(GIVEN MATERIAL):
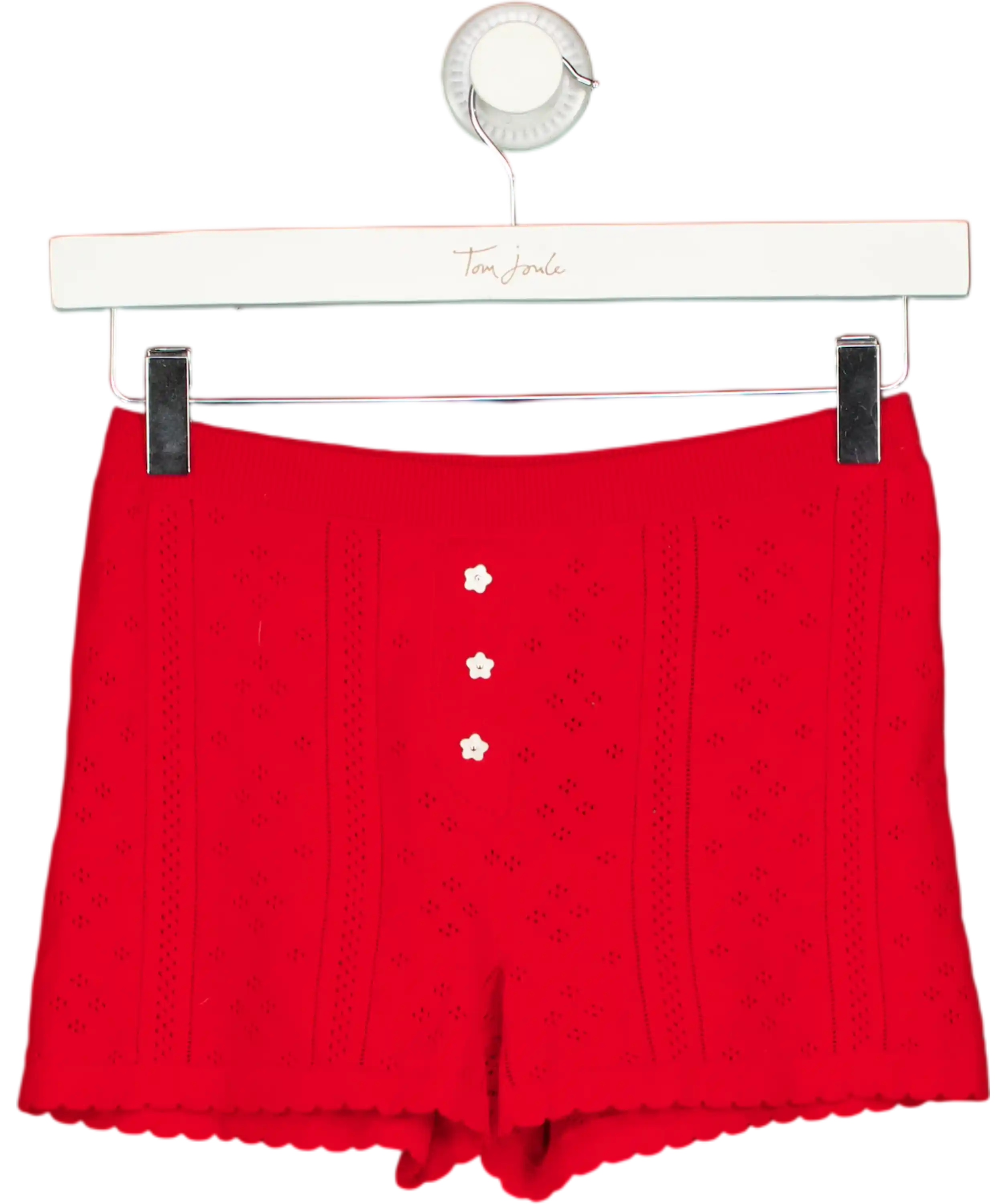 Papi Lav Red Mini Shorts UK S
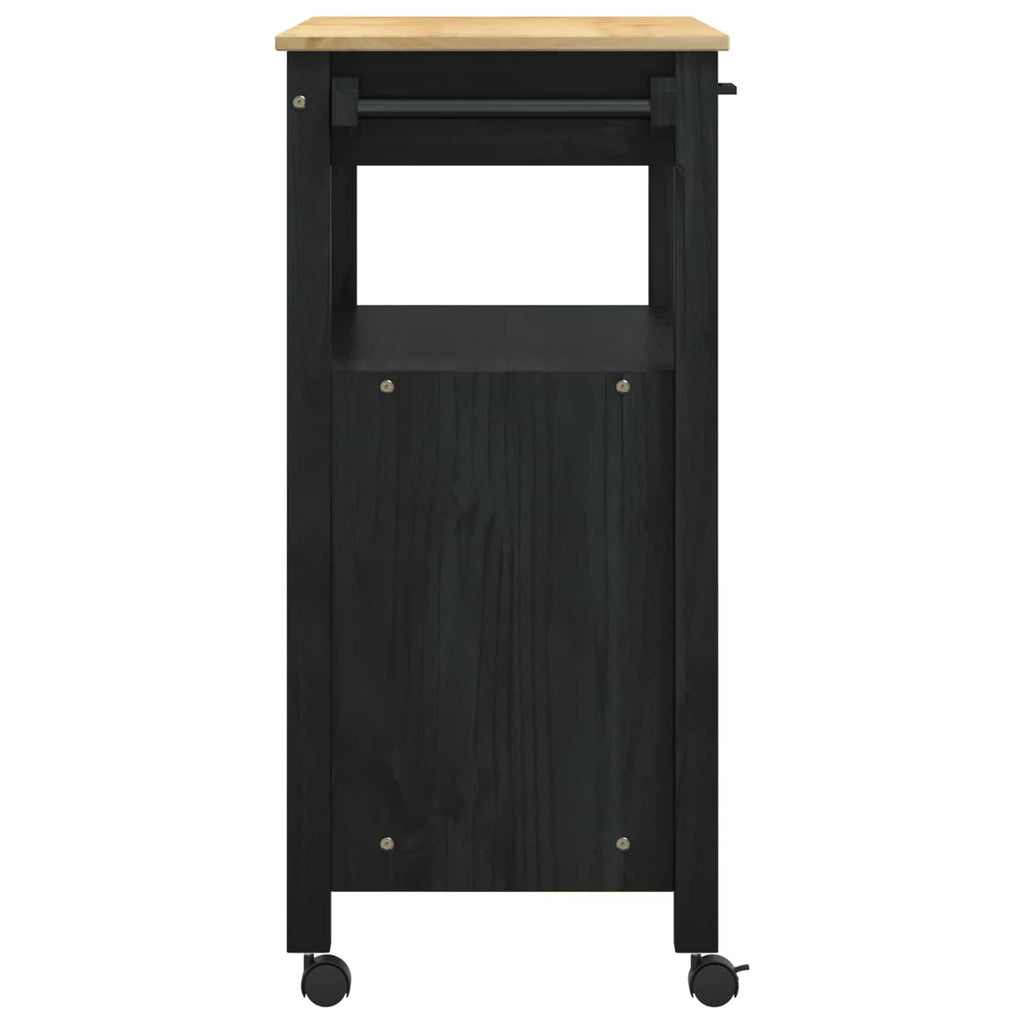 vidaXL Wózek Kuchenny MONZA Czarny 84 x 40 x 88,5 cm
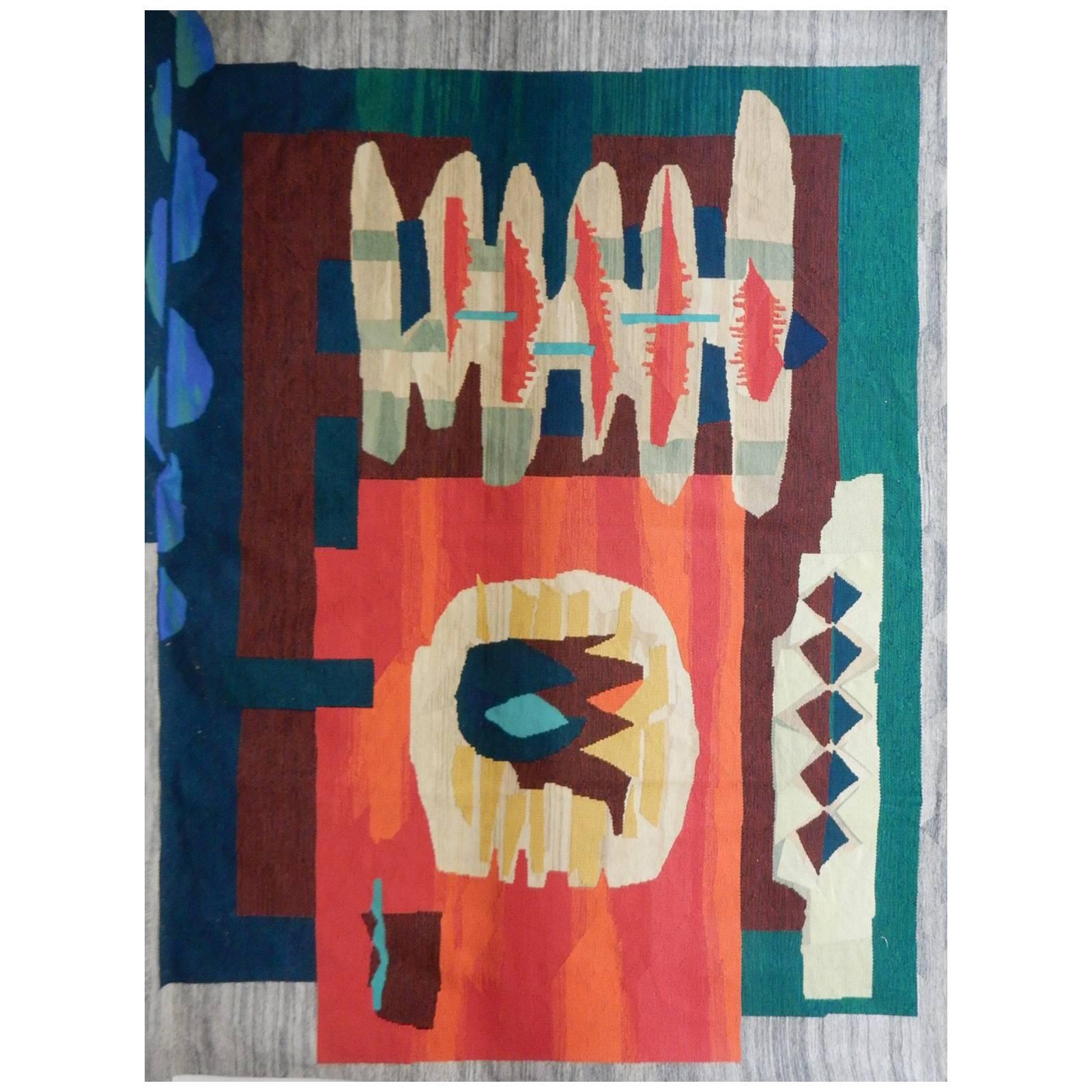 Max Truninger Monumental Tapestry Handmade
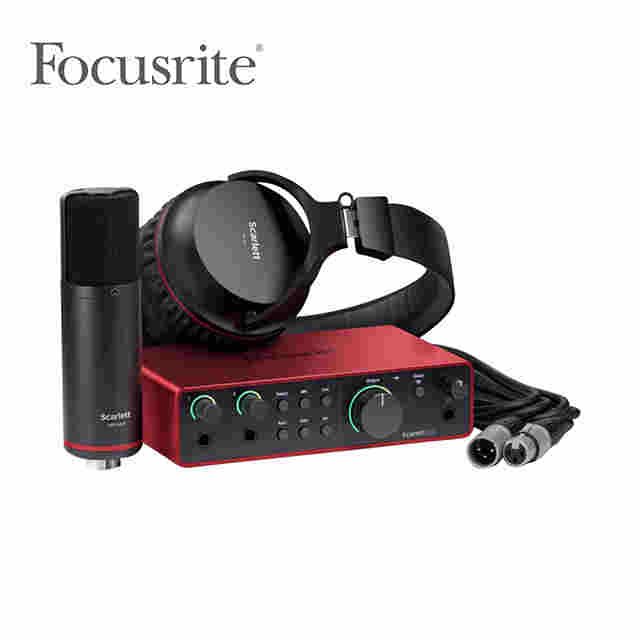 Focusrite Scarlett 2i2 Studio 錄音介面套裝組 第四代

(EXERCISE AIM):
Return the material in full and unaltered, minus its pictures.

(TASK OUTPUT):
 Papi Lav Red Mini Shorts UK S
 vidaXL Wózek Kuchenny MONZA Czarny 84 x 40 x 88,5 cm
 Max Truninger Monumental Tapestry Handmade
 Focusrite Scarlett 2i2 Studio 錄音介面套裝組 第四代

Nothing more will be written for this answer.